On Seg, 2009-04-06 at 13:13 -0700, Eric Sandeen wrote: 
> Can you perhaps just chime in on these bugs & ask?  you speak zfs better
> than I do...
> 
> https://bugzilla.redhat.com/show_bug.cgi?id=494070
> https://bugzilla.redhat.com/show_bug.cgi?id=490795

Sorry for taking a while to get back to you.

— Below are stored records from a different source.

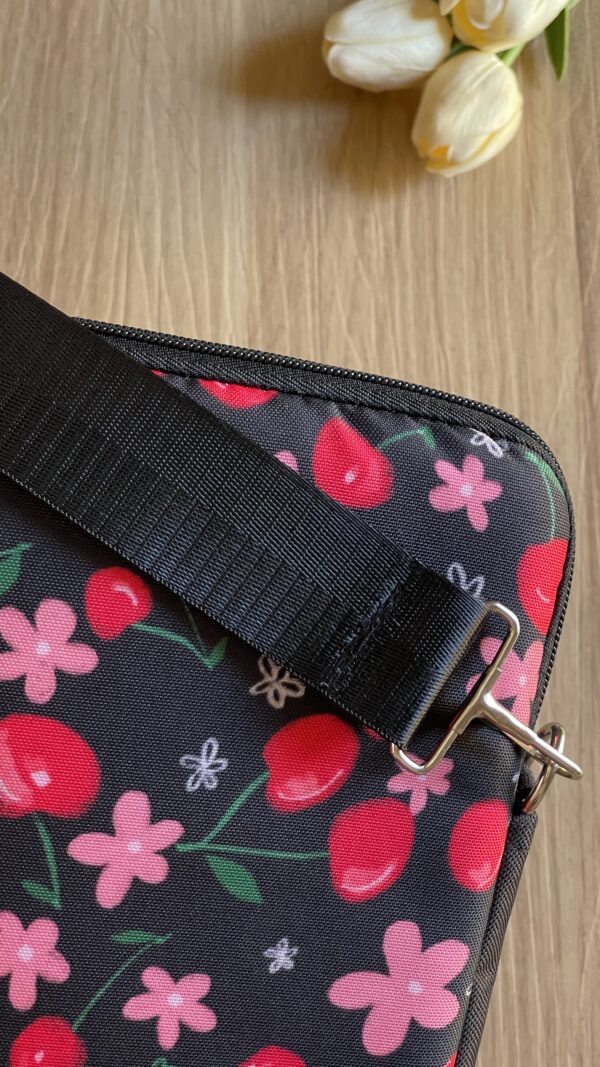 Cherries on black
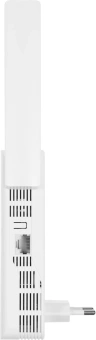 Повторитель беспроводного сигнала Mercusys ME70X AX1800 10/100/1000BASE-TX компл.:устройство/крепления/адаптер белый (упак.:1шт) - купить недорого с доставкой в интернет-магазине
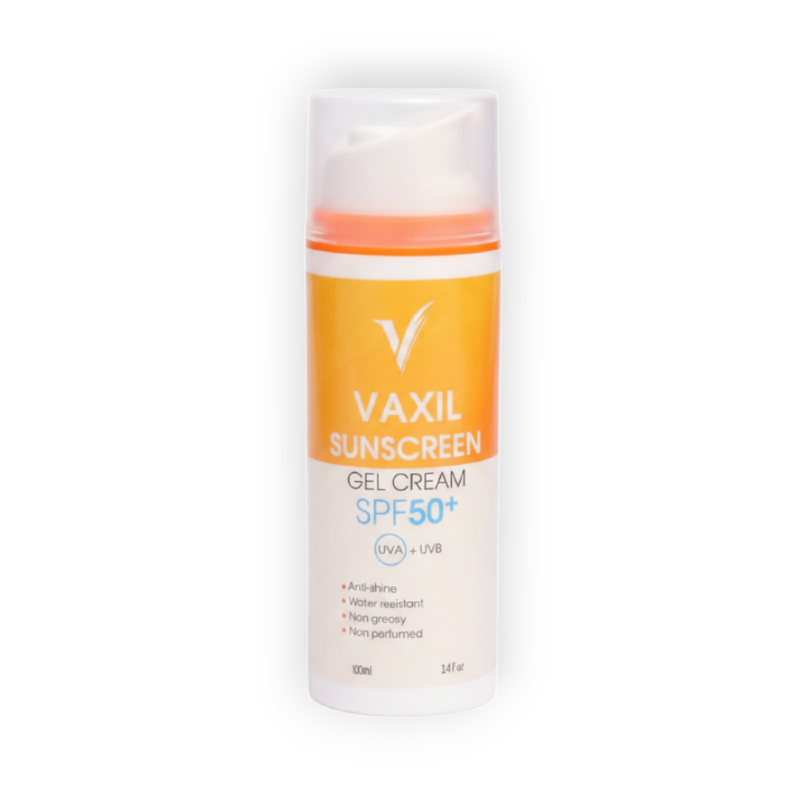 VAXIL SUN GEL CREAM SPF50+ 100ML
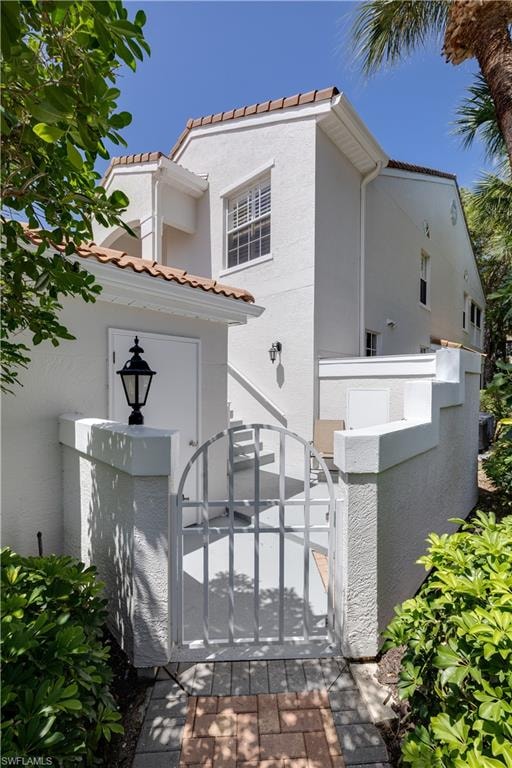 GATED ENTRY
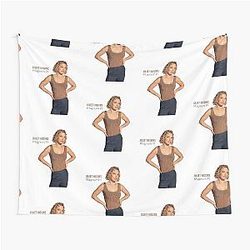 Magnum PI Juliet Higgins Poster Tapestry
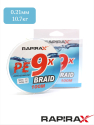 bivaliy_Шнур плетеный RapiraX PE X9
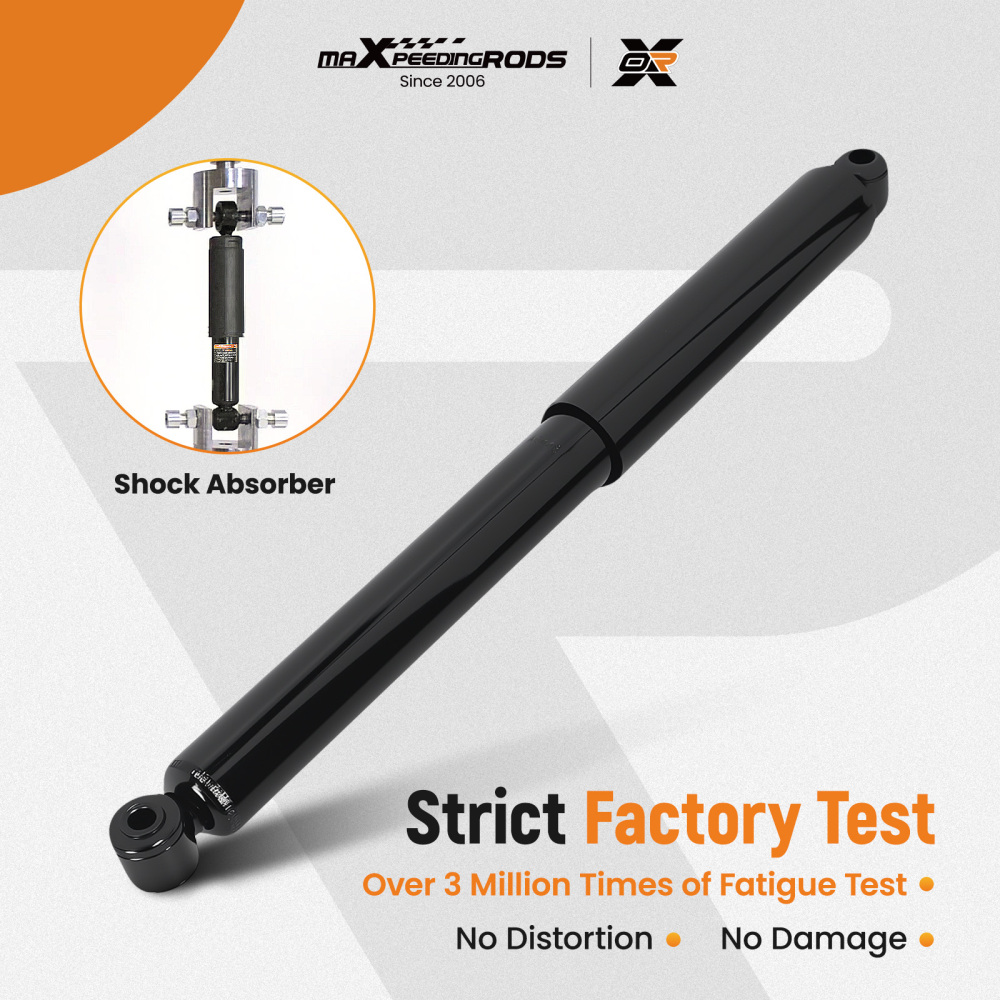 Quick Complete Front Rear Strut Assembly compatible for Ford Ranger 98-11 Bronco II 84-90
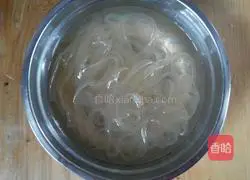 肉末粉丝的做法图解3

I've just looked at these bugs and everything seems to make more sense
now. Those partitions are actually Solaris partitions, which contain
their own partition table inside.

So in bug 494070, the /dev/sda2 partition is internally subdivided into
what Solaris calls "slices" (which are similar to partitions) and then
the root ZFS pool/filesystem is stored inside one of these slices. So in
fact, the ZFS pool is not directly in /dev/sda2, it's somewhere inside
it. This is why the ZFS magic numbers don't seem to be in the right
place.

These slices don't seem to be visible to that Linux system, which I
suspect is due to the kernel not being compiled with Solaris partition
table support. If it were, other partitions (including the ZFS one)
would show up (if my assumption is correct).

So from looking at the libblkid magic offsets, it seems that ext3 magic
value is stored between 1K-2K, which means that it will fall into the
boot slice, not in the ZFS slice. So AFAICS this bug doesn't have
anything to do with ZFS, i.e., the same thing would happen if the root
filesystem of the OpenSolaris installation was UFS.

It'd be nice if OpenSolaris zeroed the boot slice when it is installed,
but on the other hand, should the Anaconda installer fail just because
it can't mount a (possibly corrupted/leftover) filesystem?

I can file a bug for OpenSolaris if you feel strongly about this.